Work request:
Copy out only the lines running from the one that contains "Marineblauwe stof t-shirt" through the end of the listing. Pictures stay out.

== Segment start ==

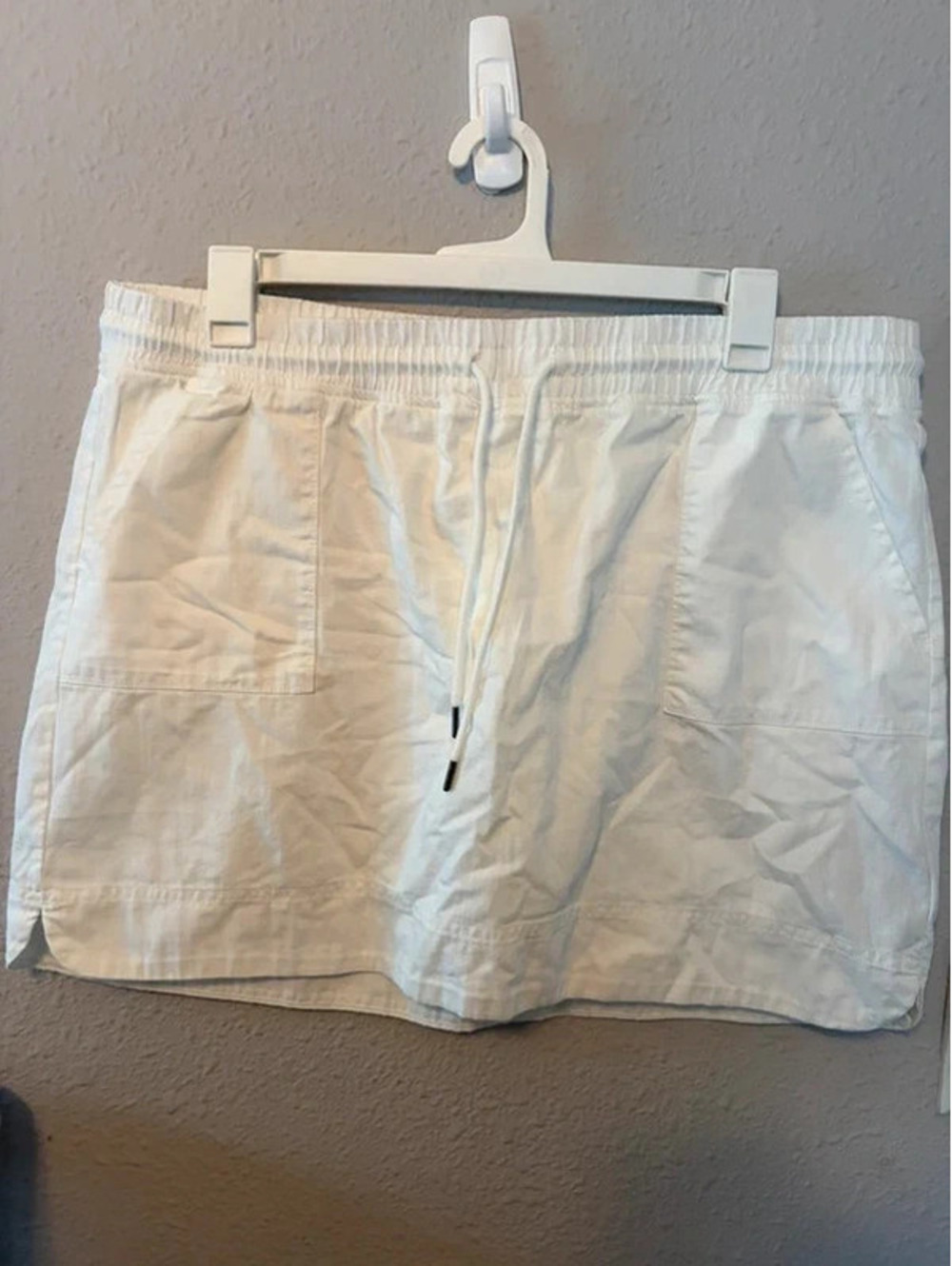 32 degrees cool white 100% cotton skort XL
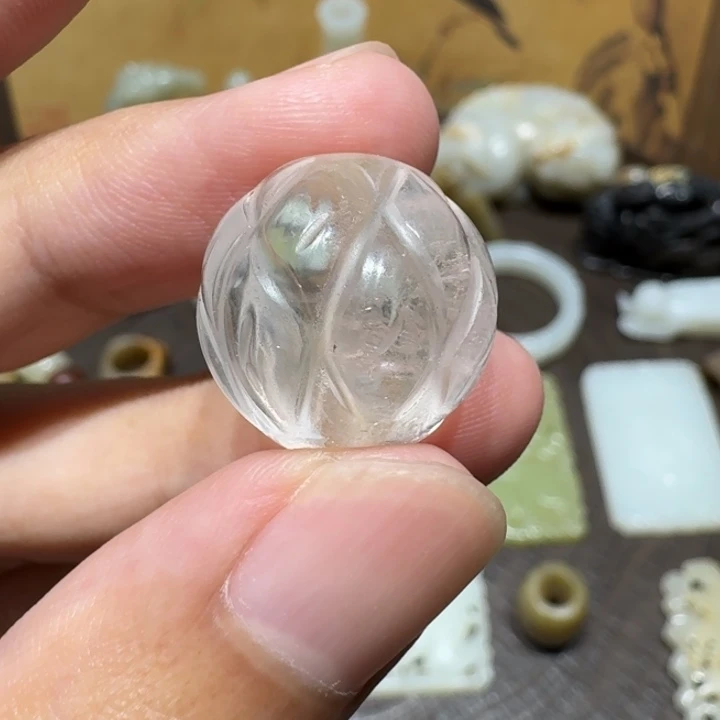 颈饰未镶嵌水晶珠子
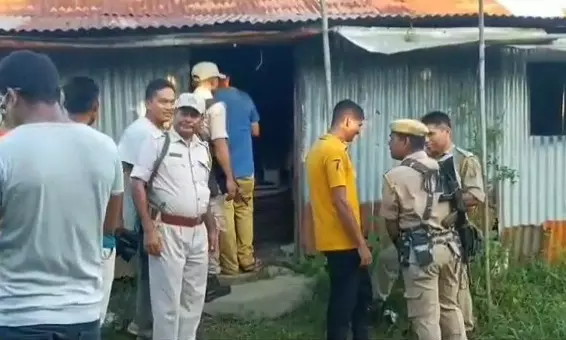 Drugs worth around Rs 4 cr seized in Assams Barpeta; 3 held Drugs worth around Rs 4 cr seized in Assams Barpeta; 3 held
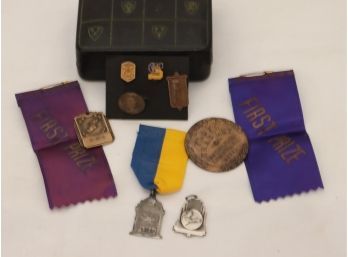 Vintage Bayside High School, PS 32, Cub Scout, Floyd Bradley Medals Medallions Pins  (T31)
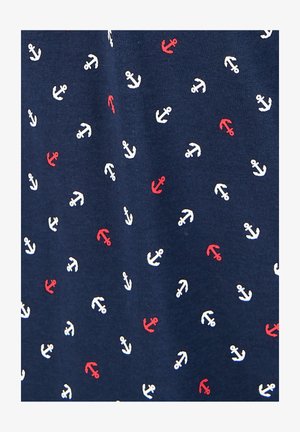 Marineblauwe stof t-shirt met een verspreid patroon van witte en rode ankers. Zachte textuur, casual ontwerp en lichtgewicht materiaal.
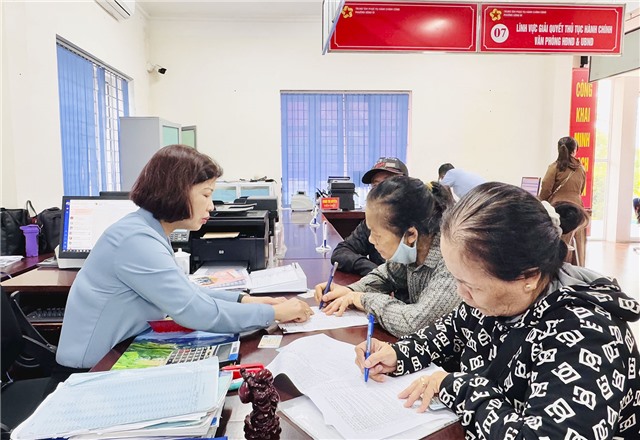 Phường Uông Bí chi trả trợ cấp hàng tháng cho người có công với cách mạng tháng 7/2025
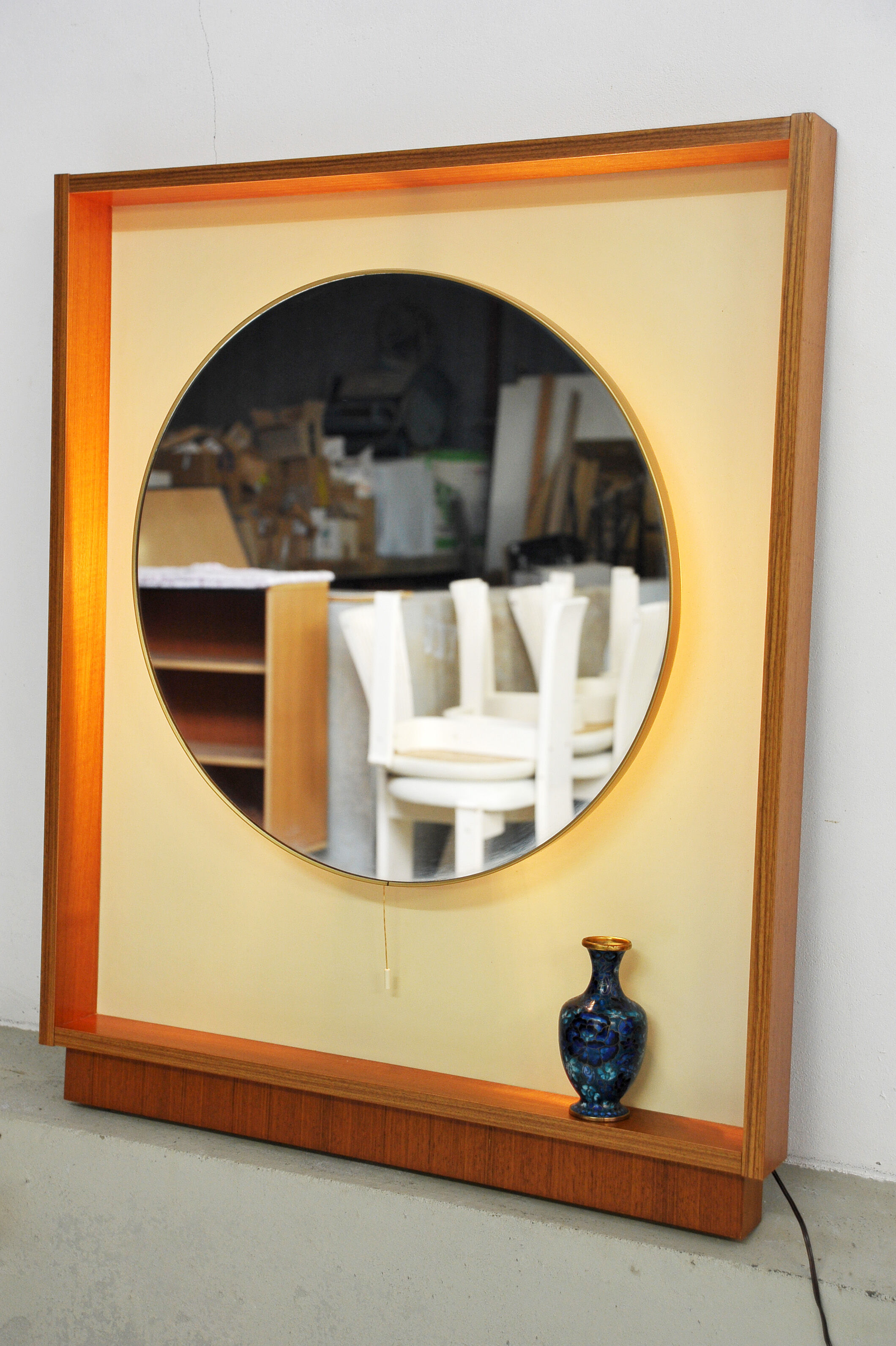 Scandinavian mirror backlit - 60s 79x96cm
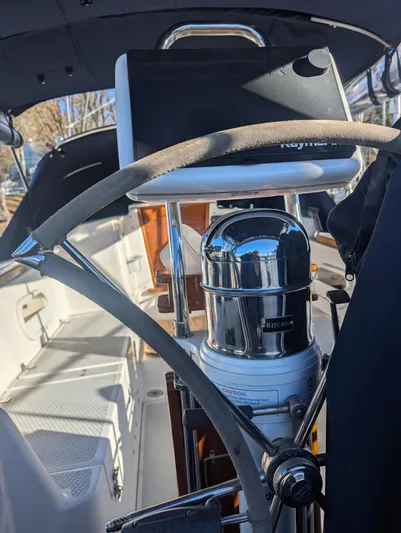 Boundless Yacht Photos Pics 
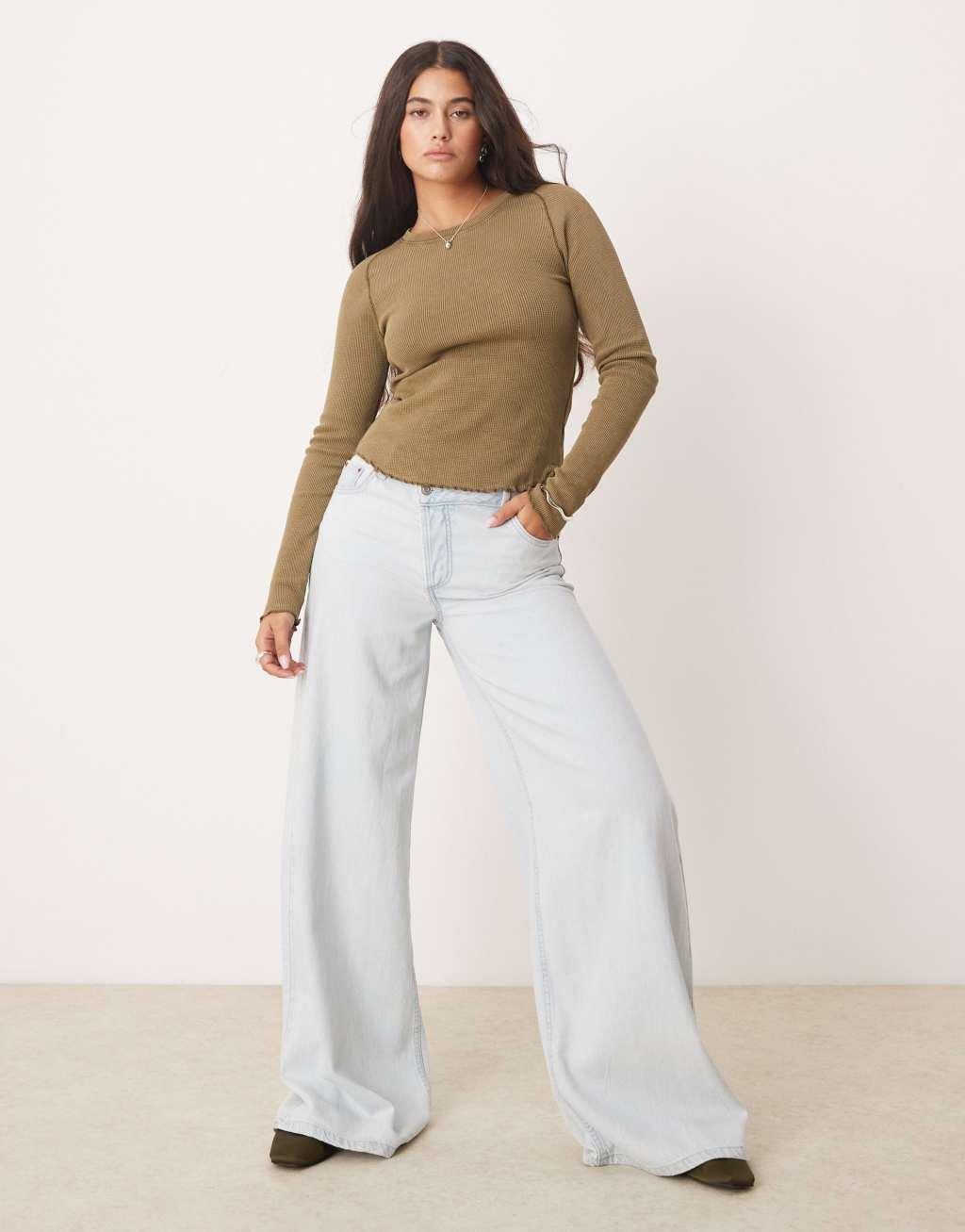 Free People easy does it long sleeve top in moss Product Image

== Segment end ==

Reply to the exercise:
 Marineblauwe stof t-shirt met een verspreid patroon van witte en rode ankers. Zachte textuur, casual ontwerp en lichtgewicht materiaal.
 Phường Uông Bí chi trả trợ cấp hàng tháng cho người có công với cách mạng tháng 7/2025
 Scandinavian mirror backlit - 60s 79x96cm
 Boundless Yacht Photos Pics 
 Free People easy does it long sleeve top in moss Product Image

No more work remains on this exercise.